As Tucson celebrates the 90th anniversary of its rodeo, plans are afoot to demolish the home of Frederick Leighton Kramer, the polo enthusiast who dreamed up the notion of La Fiesta de los Vaqueros with a few of his horse-riding buddies in 1925.

Kramers home, built in 1924, was situated on a large plot just north of where Isabella Greenway would build the Arizona Inn in 1930.

The first rodeo was held on a polo field near Kramers home.

The house, a two-story marvel with green porcelain roofing tiles, was easily the largest and most pretentious of Tucsons private residences, according to a 1925 Tucson Citizen story unearthed by John Warnock, a University of Arizona English professor who lives nearby.

Kramer died of tuberculosis in 1940.

In the 1940s, the house, dubbed Rancho Santa Catalina by Kramer, became the Potter School for Girls. Most of the acreage attached to it became the Catalina Vista development, a conclave of single-story, ranch-style homes with large lots on winding tree-lined streets.

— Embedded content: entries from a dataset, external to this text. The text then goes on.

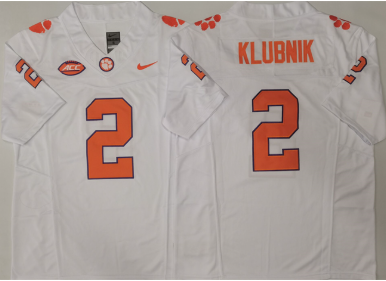 Men's Clemson Tigers #2 Cade Klubnik White F.U.S.E. Stitched Football Jersey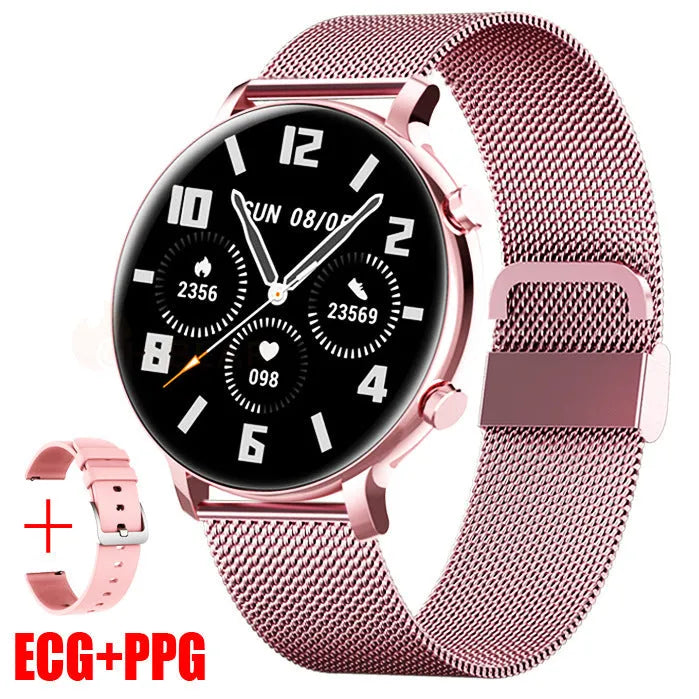 Bluetooth smartwatch with stainless steel strap on wrist, showing call and heart rate interface.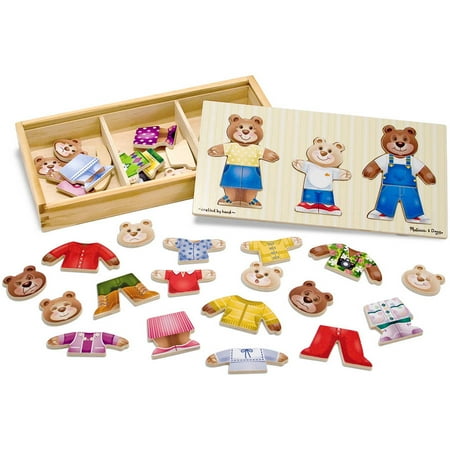 Doug Puzzle Portfolio - Melissa & Doug Mix 'n Match Wooden Bear Family Dress-Up Puzzle with Storage Case, 45pc
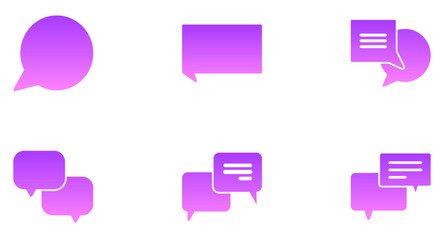 Speech Bubbles Glyph Gradient Icon pictogram symbol visual illustration Set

Today, Catalina Vista, north of East Elm Street between North Campbell Avenue and North Tucson Boulevard, is a National Historic Neighborhood, although the Kramer/Potter house itself is not listed on the National Register of Historic Places.

The house and its adjacent buildings would later become a convent and school for the Sisters of Charity. It was sold to John Greenway, then owner of the Arizona Inn, in 1971.

For a while, it was a residential compound and studios for graduate art students from the UA.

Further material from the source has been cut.